Localizada a apenas 7 kilómetros de Acámbaro, la antigua zona arqueológica se extendía por las lomas cercanas al río Lerma y su afluente Coroneo (o Tigre), territorio hoy parcialmente sumergido tras la construcción de la Presa Solís entre 1946 y 1949. No obstante, su espíritu pervive en las comunidades ribereñas y en los vestigios que emergen de la tierra. Los primeros pobladores —nómadas chichimecas de los grupos guamares y guachichiles provenientes de San Luis Potosí— transformaron este valle fértil en un centro de innovación: cultivaron maíz, chile y tomate silvestre; practicaron la caza, la pesca y la recolección; y dejaron testimonio de su vida cotidiana en metates y molcajetes de piedra que aún narran historias de manos ancestrales.
La grandeza de Chupícuaro reside en su legado cerámico, considerado entre los más originales y estéticamente refinados del Preclásico mesoamericano. Sus alfareros dominaron el arte de los colores brillantes y las formas policromas, creando vasijas, figurillas y objetos rituales que irradiaron influencia hasta Michoacán, Jalisco y Querétaro. Las excavaciones pioneras realizadas entre 1927 y 1956 por los arqueólogos Enrique Juan Palacios, Ramón Mena y Porfirio Aguirre revelaron una complejidad sorprendente: más de una docena de estructuras piramidales dispuestas sobre un basamento oval, tumbas con ofrendas funerarias, altares y un vasto repertorio de cerámica roja característica que hoy define su identidad visual.
Aunque gran parte del sitio original descansa bajo las aguas del embalse, el legado chupicuarense permanece vivo y accesible. En Nuevo Chupícuaro, el Museo Etnográfico y Arqueológico “Fray Bernardo Padilla González” resguarda una colección de 1,266 piezas arqueológicas y 200 etnográficas que narran la evolución de esta cultura desde sus orígenes hasta su influencia regional. A pocos kilómetros, el Museo Histórico de Acámbaro amplía esta narrativa con cerca de cinco mil objetos que testimonian la riqueza material y simbólica de quienes habitaron estas tierras hace más de dos milenios.
Visitar Nuevo Chupícuaro es mucho más que un recorrido histórico: es una inmersión en la cosmovisión de los primeros pobladores de Guanajuato.
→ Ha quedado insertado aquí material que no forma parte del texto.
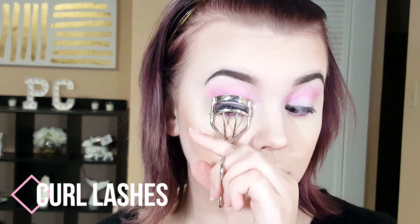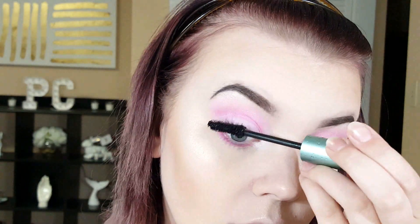Next I'm curling my lashes. Then with the Better Than Sex waterproof mascara from Too Faced, I'm putting some mascara on.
Aquí, la cerámica roja no es solo artefacto museográfico; es presencia viva que se refleja en las manos de los alfareros locales, en los sabores de la gastronomía tradicional y en las festividades que mantienen vigente el diálogo entre pasado y presente. Este Encanto no celebra ruinas abandonadas, sino una herencia en constante renacimiento.
Ven a descubrir por qué Chupícuaro fue semilla de civilización en el Bajío. Camina por sus calles donde el aire aún guarda ecos de tambores ancestrales; contempla las piezas que desafiaron el tiempo; y déjate envolver por la serenidad de un pueblo que, aunque perdió su geografía original bajo las aguas, nunca perdió su alma. En Nuevo Chupícuaro, cada visita es un acto de memoria; cada recuerdo, una semilla para el futuro.